Brady Schnell shoots 59 at ATB Financial Classic
Calgary – Milford, Iowa’s Brady Schnell made PGA TOUR Canada history on Friday, holing out a gap wedge from the fairway on his final hole to shoot a 13-under 59 at Sirocco Golf Club at the ATB Financial Classic. Schnell moved to 14-under through 36 holes to sit two shots back of leader Brock Mackenzie of Yakima, Washington, who shot a 9-under 63 to take a one shot lead over Tulsa, Oklahoma’s Stephen Carney through two rounds.
Schnell, a 29-year old in his third season on PGA TOUR Canada, holed a 122-yard approach with a gap wedge on the 454-yard ninth hole for his final shot of the day. He becomes the second player in PGA TOUR Canada history and the first of the PGA TOUR Canada era to shoot a sub-60 score. Previously, Jason Bohn shot a 13-under 58 in the final round of the 2001 Bayer Championship.
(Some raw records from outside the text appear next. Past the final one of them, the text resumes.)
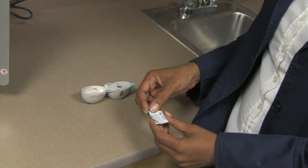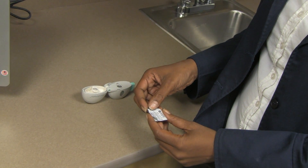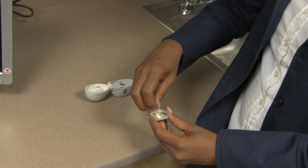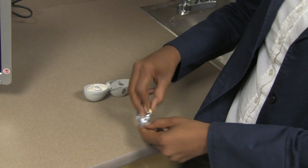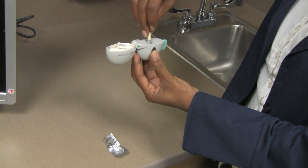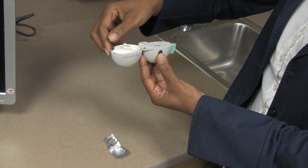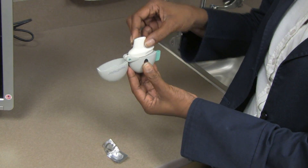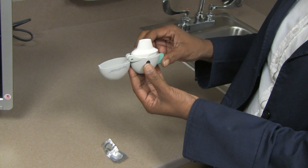Peel back the foil of the blister that contains the capsule by pulling on the tab and remove one capsule immediately before use. Place the capsule in the center chamber of the handihaler device. Close the mouthpiece firmly until you hear a click. Leave the dust cap open.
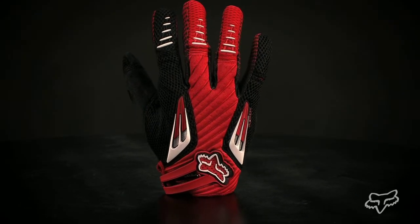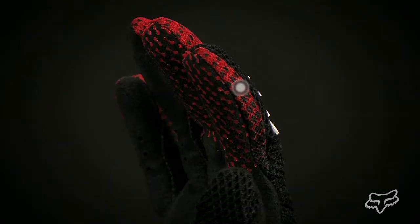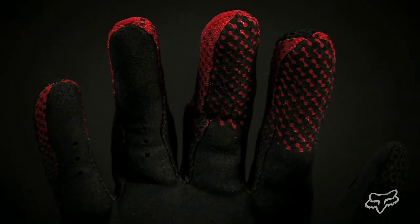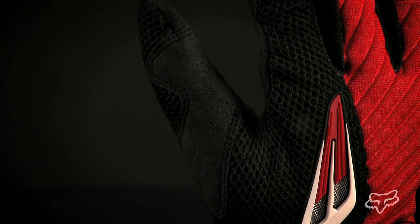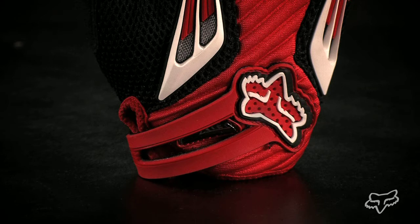The Fox Platinum Glove features Singlaire Chlorino Palm, which gives a rider a close connection to the bike. Lycra gusset finger material provides enhanced breathability and comfort. Chlorino reinforced thumb offers excellent durability and coverage. Silicone gripper on the fingertips provides excellent lever control. Dimple mesh light preen top of hand construction enhances airflow and mobility, and a hook and loop wrist closure with TPR logo.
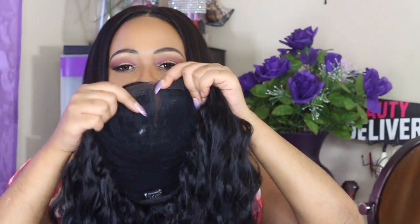Like all of their wigs, this one has two combs in the front, one in the back, and an adjustable strap. The parting space is about four inches, which is awesome. I'll go ahead and put the wig on for you guys.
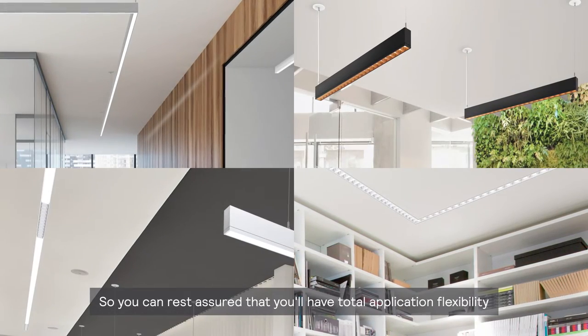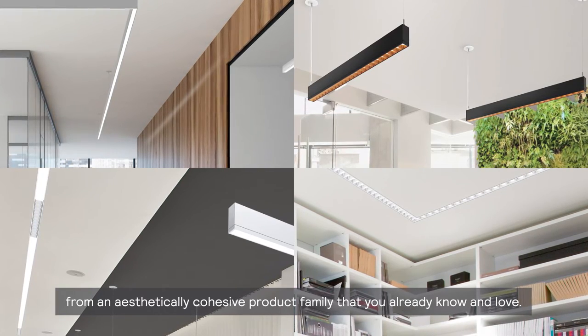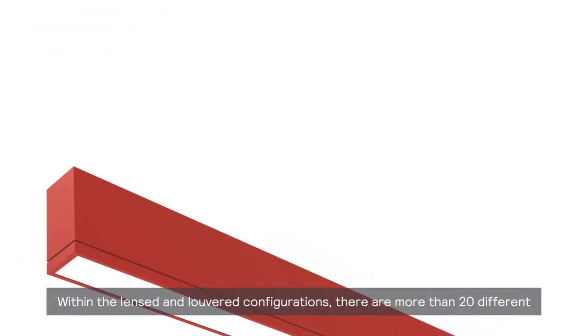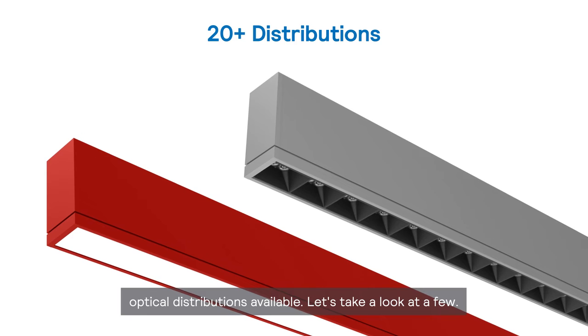So you can rest assured that you'll have total application flexibility from an aesthetically cohesive product family that you already know and love. Within the lensed and louvered configurations, there are more than 20 different optical distributions available.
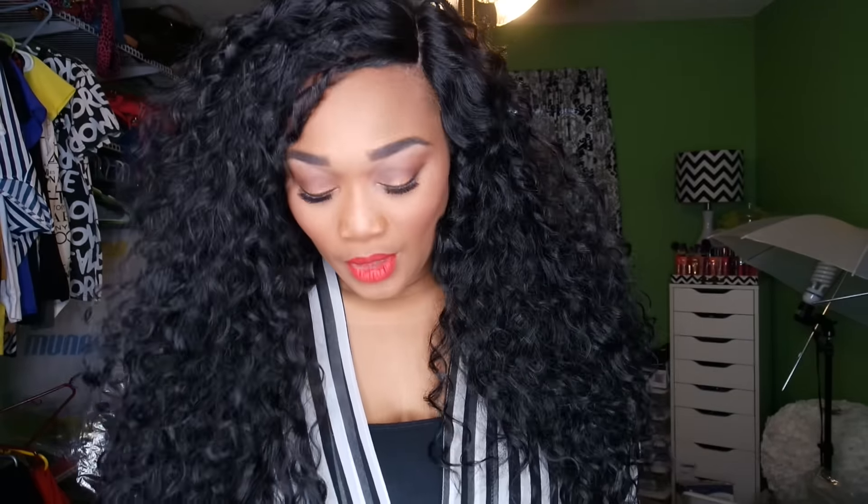Hello everyone, I wanted to do a quick video today and talk to you guys about the wig that I'm rocking today. This is the infamous Shore wig, and I've been trying to get my hands on this wig for so long. She did come in a variety of different colors, but I really wanted the natural color in this wig, and I got her in the color 1B.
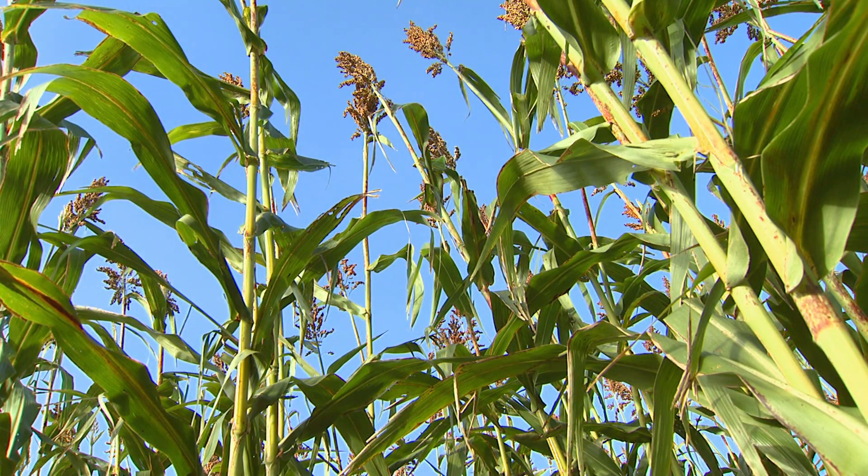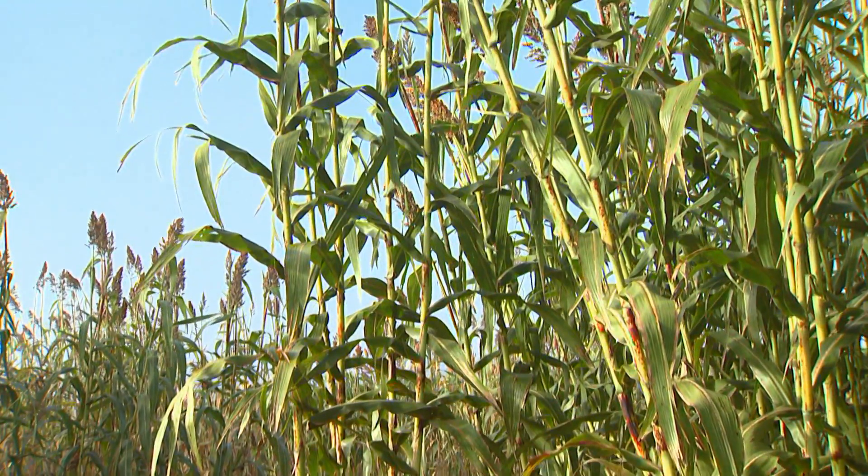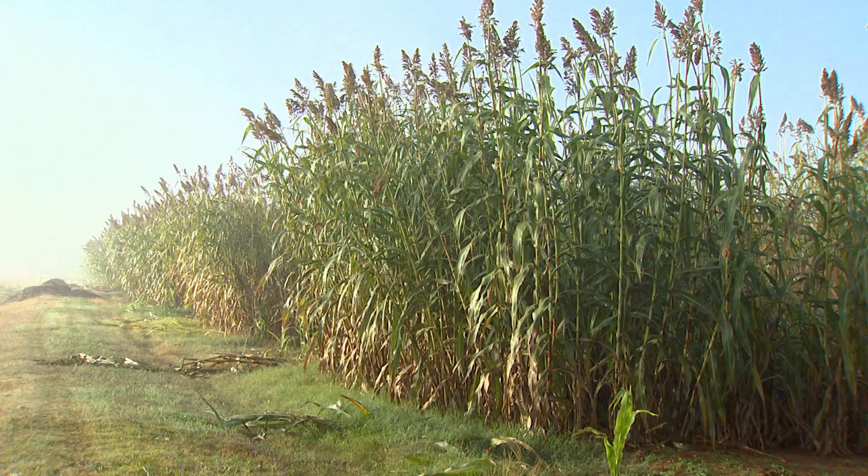Let's talk about this as a rotational crop. What is the season for sweet sorghums? That's one of the biggest benefits of sweet sorghum — if we can get a market developed here in Oklahoma — is the rotational potential of the crop. It gives producers another option for a summer crop, it's well adapted to Oklahoma, it is very competitive, and not a lot of weed management is needed with a crop that grows 12 feet tall.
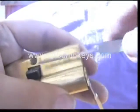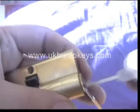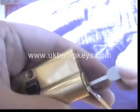I raked this earlier on and it seemed to rake quite easily. Just set that up in there. The rake I'm going to use is the saw rake, just using light tension on the tension wrench and just a very light motion throughout the lock. So see how we go with this one.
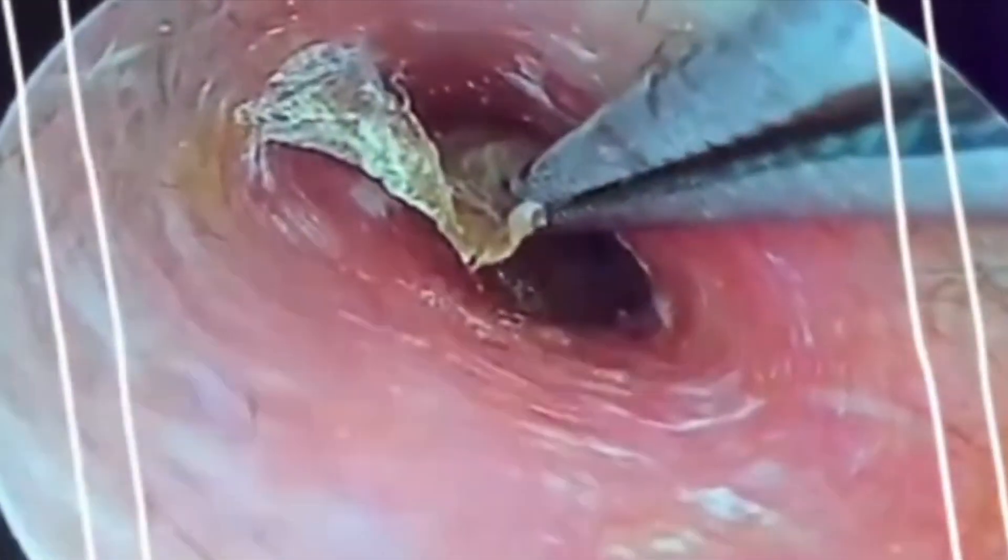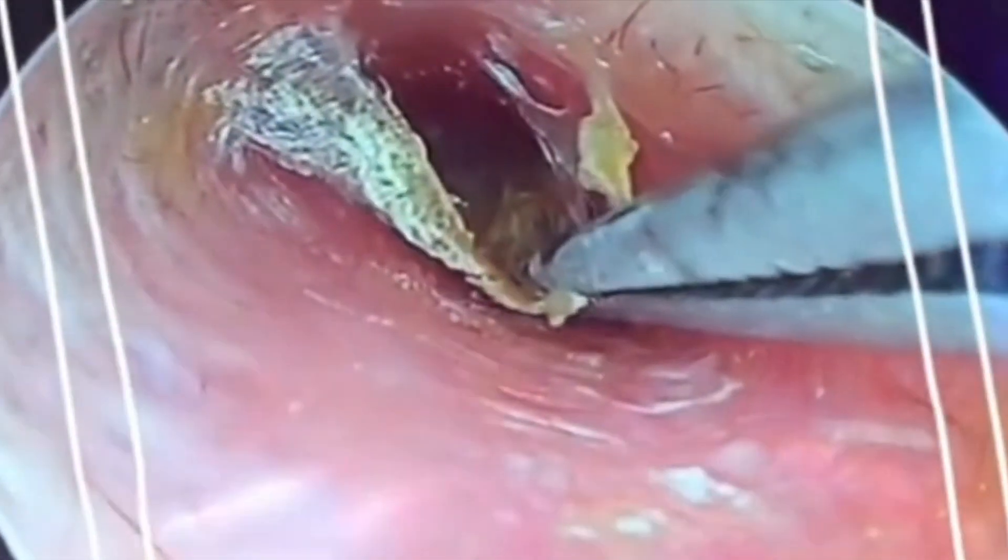Oh yeah, there she is. Now just carefully pluck it out, grab that hunk of slime, and rip it out of your head tube.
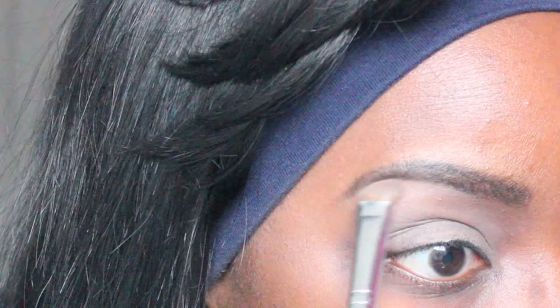I began by priming my lid with the ELF eyelid primer. Then I took my NYX eyeshadow base in the shade Skin Tone and put this all over the eyelid area. Going into my Maybelline Nudes palette, I took the beige color as a brow bone highlight. Then going in with Makeup Geek Coco Bear, I put this in my crease as our transition color.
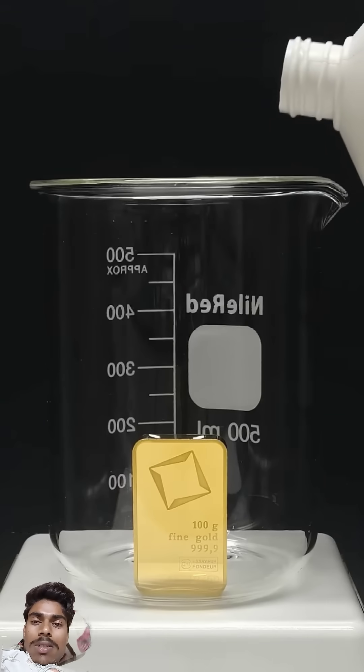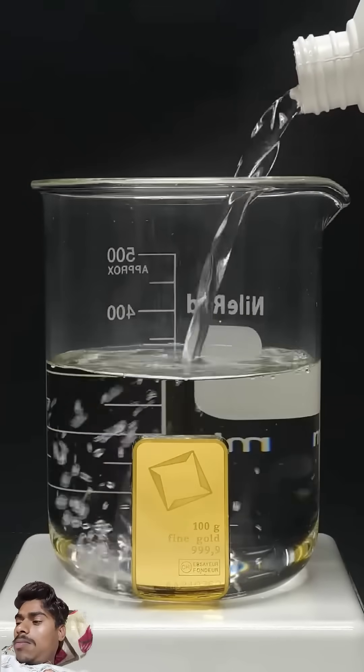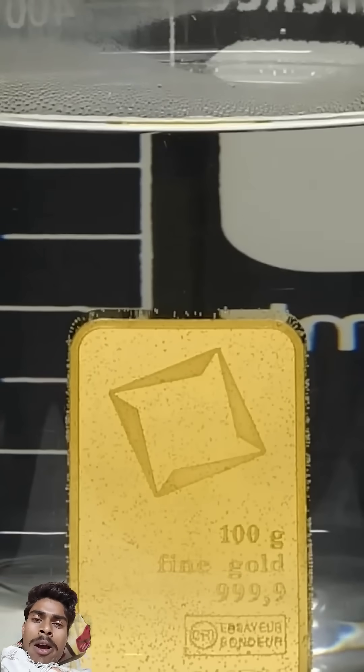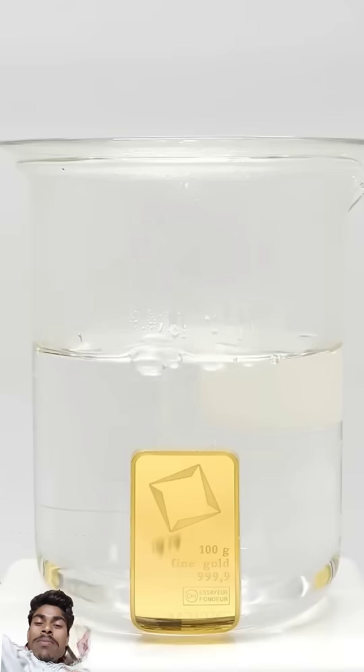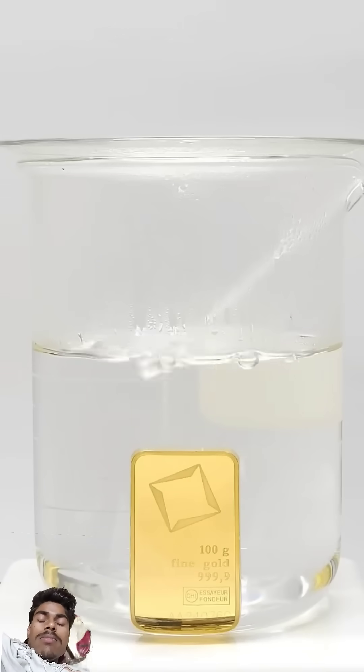All I have to do is pour in a bunch of concentrated hydrochloric acid and I'll bring this to a boil. Right now, not much is happening, so I have to add some nitric acid.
“To shoot 59 is crazy enough, but to hole out on the last hole to do it, I just can’t even believe it,” said Schnell, a University of Nebraska graduate. “That’s the ultimate number, to get inside the 50s. To do it in a tournament on PGA TOUR Canada is even better. I guess it’s what we all dream of, but just to do it in that fashion makes it sweeter too.”
Schnell began the day at 1-under par after an opening 71 and at one point trailed Mackenzie by 15 shots, but quickly gained ground on the leader with an outward 30 on his first nine holes. After five more birdies, he came to his final hole knowing where he stood with a look at golf’s most sought-after score.
“I knew where I was at,” said Schnell. “I just kind of kept track and figured it out, and I was standing in six fairway and said ‘you can make four birdies over the next four holes.’ I lipped out on six for birdie, and then I just made birdie-birdie-eagle.”
While he was unable to accomplish his goal of four closing birdies, one memorable swing made up the difference and put Schnell in the game’s history books.
“I hit a hard 52 [degree wedge]. I felt a little jacked up, and from back in the fairway it looked like it spun back a foot or two,” Schnell said. “I couldn’t believe it when it dropped.”
Earlier, Mackenzie’s 63 gave him a 16-under total through two rounds, tying the record for lowest 36-hole score of the PGA TOUR Canada era.
“I knew I was playing well, but I didn’t realize at the end I was 9-under,” said Mackenzie, who tied the lowest 36-hole score of the PGA TOUR Canada era at 128. “It was a good day. I made most everything that I saw and hit it great, so it was good.”
The 33-year old, who owns one PGA TOUR Canada win at the 2010 Bayview Place Island Savings Open presented by Times Colonist, began his day by finishing his first round with four consecutive pars (first round play was suspended due to dangerous weather Thursday night and resumed at 7:15 AM). After three more pars to start round two, Mackenzie reeled off nine birdies, and said he was in a zone after that.
“When things are going good, I kind of just get in a robot mode where I just kind of get my number and hit the shot,” said Mackenzie, who finished with a birdie on the ninth by hitting a pitching wedge to four feet. “I wasn’t thinking ‘oh, I need to get another one,’ it was a perfect number for a wedge.”
“I made a couple of birdies, and then I got it going on the back side,” added Mackenzie. “It’s nice to see the ball go in. I’ve hit it really well all year, and so far this is the best I’ve putted all year.”
One back of Mackenzie was Carney, who finished up his first round this morning with an 8-under 64, then returned to shoot 65 in his second round to sit 15-under. Christopher Ross, a PGA TOUR Canada rookie, was one shot further back, and briefly shared the course record with a 10-under 62 before Schnell’s 59 set the new mark.
“I had it going in the beginning and in the middle and then the end, so, yeah, it was a good day out there,” said the 27-year old Ross. “I kept playing to my strengths. There were a few par-5s I could have gone for, but just because I was hitting my wedges nicely and my putter is hot, I played to my strengths.”
Ross said he knows he’ll need to keep the pedal to the metal this weekend, with scores around him going well under par through two rounds.
“If you let up off the gas out here, you’re going to get lapped,” said Ross. “The greens are perfect, the fairways are perfect and the weather’s nice, so if you let up at all, you’re going to get passed. That was my mentality today.”